X, interrompant — Ne me dis pas que tu me fais travailler pour « rien ».

Moi — Non plus, en fait je tente de te donner des perches, comme un maître nageur qui enseigne la natation : si je nage à ta place, j’arriverai bien au bout du bassin mais tu ne sauras pas nager pour autant; si je te donne des perches trop solides, tu apprendras à te laisser tirer; si je ne te donne aucune perche, tu peux vite couler. C’est loin d’être si facile de faire progresser les gens.

Maître nageur au bord d'une piscine vide

X — Et si je n’ai pas envie de nager ?

Moi — Le Lean part du principe que les gens ont envie de s’améliorer et d’apprendre. Et il fournit tout une gamme d’outils et de techniques pour y parvenir.

X, sceptique — Ça doit quand même être un peu troublant quand on se sent « piloté » de l’extérieur.

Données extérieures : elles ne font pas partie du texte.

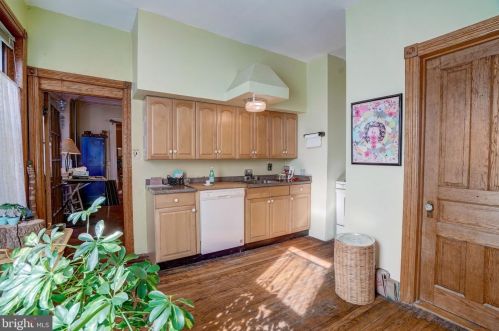 437 44 St, Philadelphia PA 19104-2910 exterior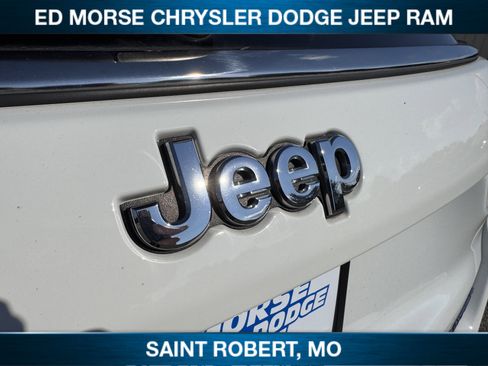 Certified 2022 Jeep Compass Limited image 8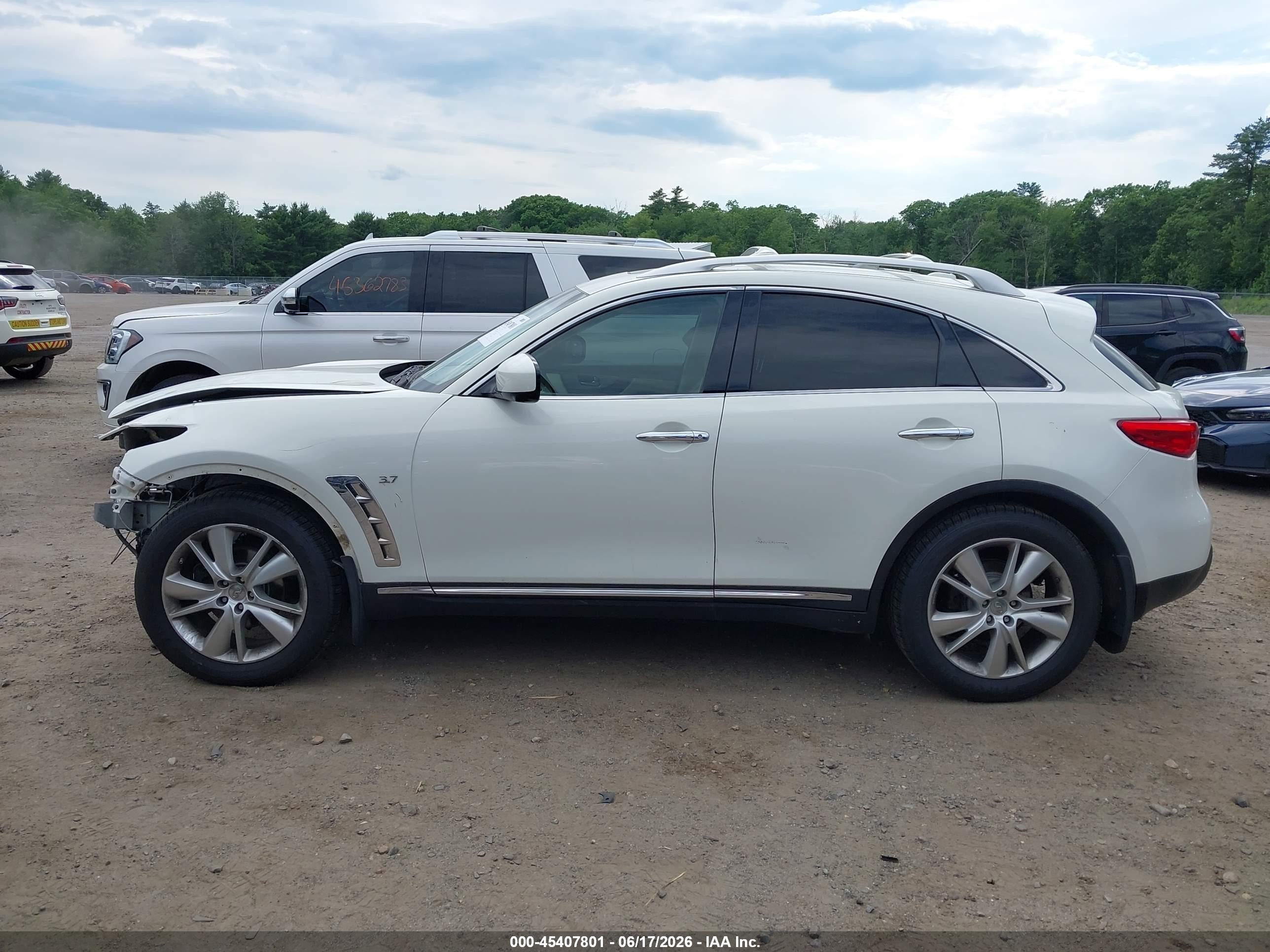 2014 Infiniti Qx70   White vin: JN8CS1MW0EM410636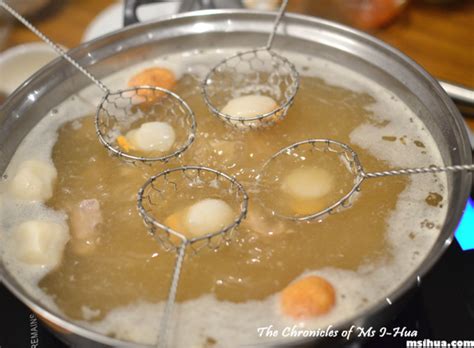Steamboat Hot Pot With A Portable Induction Cooker Recipe Portable Induction Cooker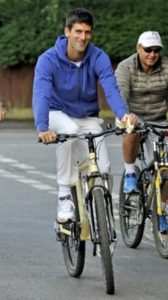 ciclista djokovic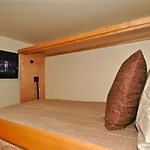 Viking Lodge 100B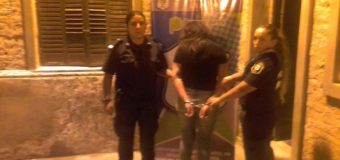 Ex policía con arresto domiciliario le puso la tobillera a su perro y salió a robar
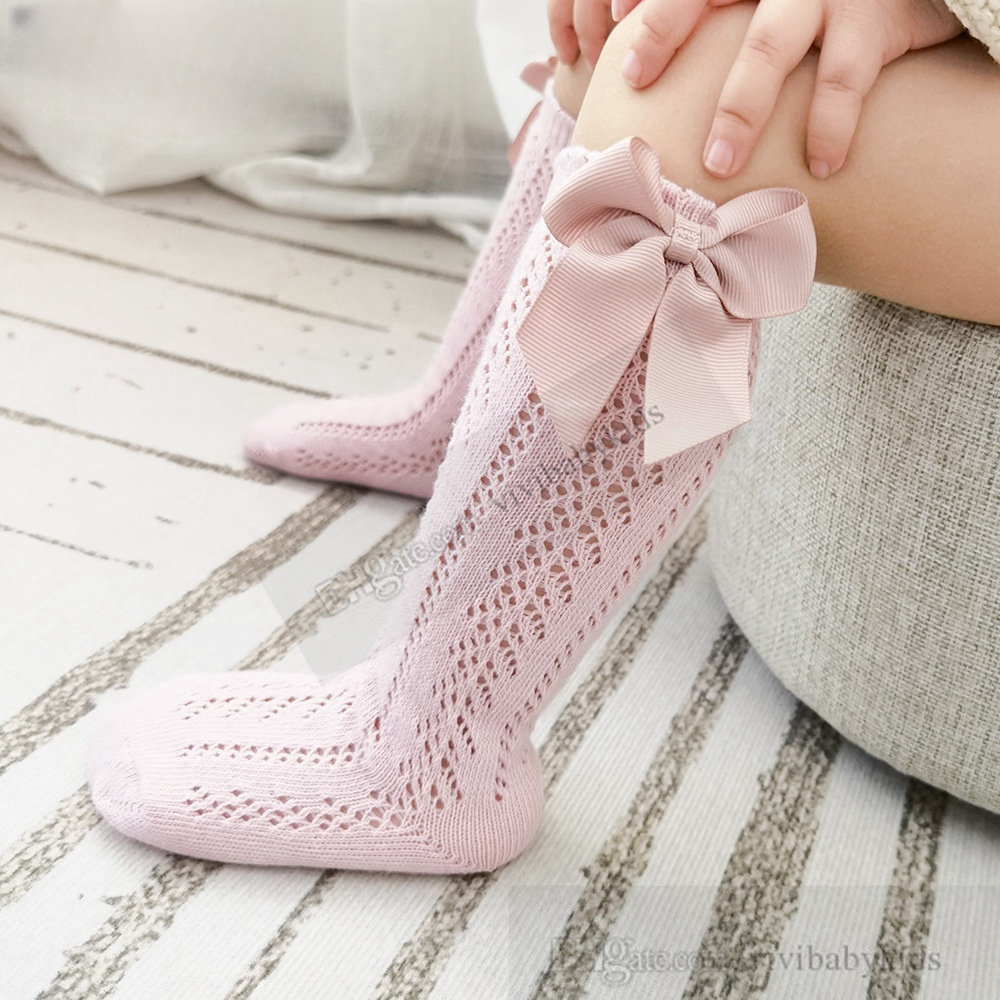 Zomermeisjes Hollow Knitted Socks Sweet Kids Ribbon Bow Hole 3/4 knie High Princess Sox Children Katoen Ademboere benen S1346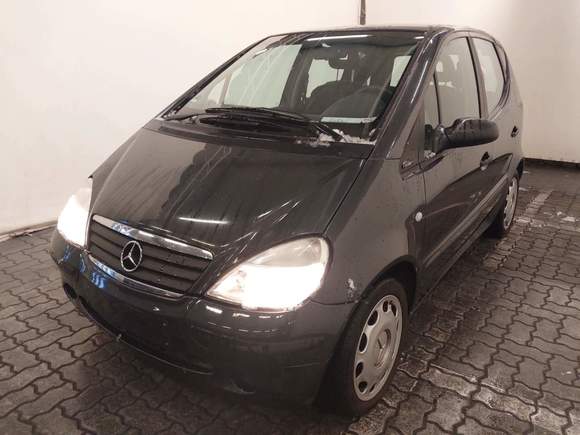 Pogled od napred levo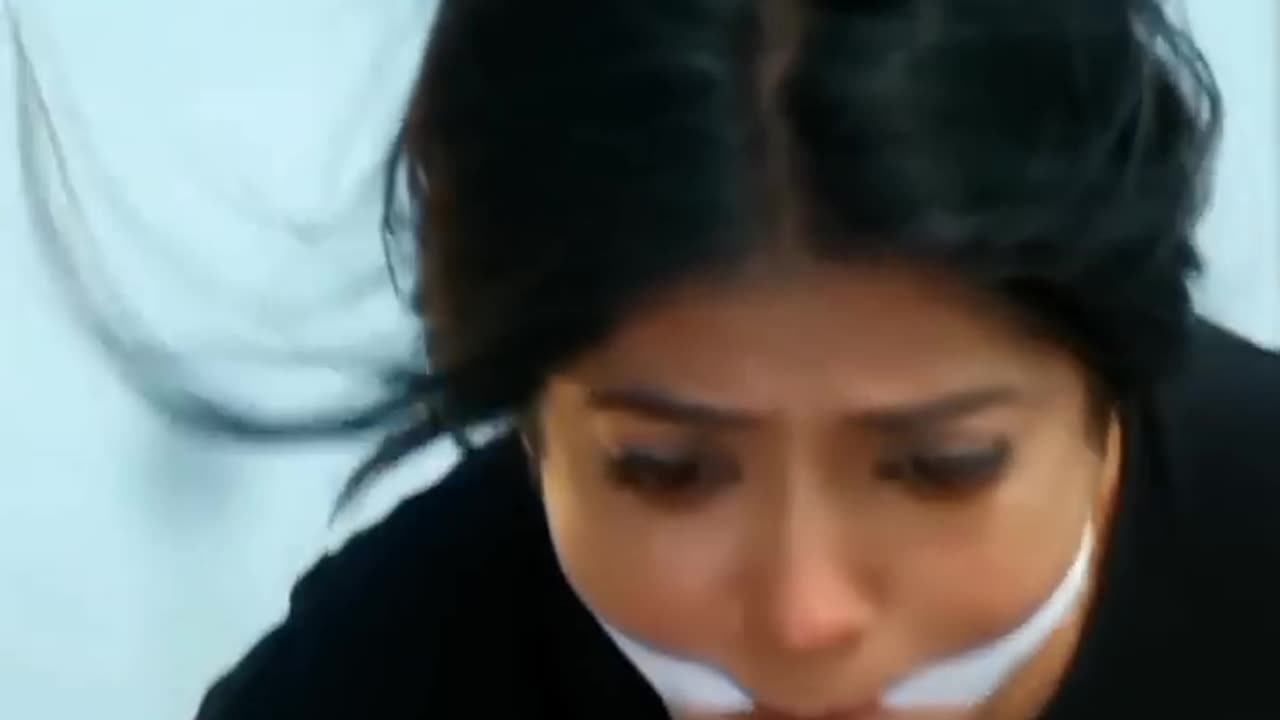 A boy saves her girlfriend life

Moi — C’est pourquoi la confiance et le respect mutuel font parti du socle de la maison du TPS. Sans ça, on n’y arrive pas. Et même avec ça, ce n’est pas certain qu’on y arrive : être « cool » l’un avec l’autre est loin d’être suffisant pour progresser.

X — C’est sûr que je n’ai jamais vu de table de ping-pong ici !

Moi — Mais peut-être que tu préférais un « management objectif », avec des chiffres bien calés en début d’année et une simple courbe dans un fichier Excel pour marquer la différence entre réussite et échec.

X, vexé — Je n’ai jamais dis ça !

Moi, taquin — Je sais bien, je pousse juste un tout petit peu le raisonnement : le mode financier est tellement imprégné dans nos habitudes qu’on est parfois bien en peine de le débusquer.

X — On a quand même vite dérivé : comment est-on passé des mesures que je dois faire chaque semaine à ces remarques si générales sur l’économie ?

Moi — N’importe quel système complexe veut ça : tout y a une influence sur tout. Et la vie d’une boîte n’y échappe pas : il suffit d’un client, d’un fournisseur, d’un salarié ou même d’une réglementation pour tout faire tanguer. Et le Lean apporte une boussole et une carte assez robuste pour y naviguer sereinement. C’est cette sérénité qui permet d’anticiper assez pour avancer ensemble dans la bonne direction, celle qui résout les problèmes des clients et qui tient compte du contexte général.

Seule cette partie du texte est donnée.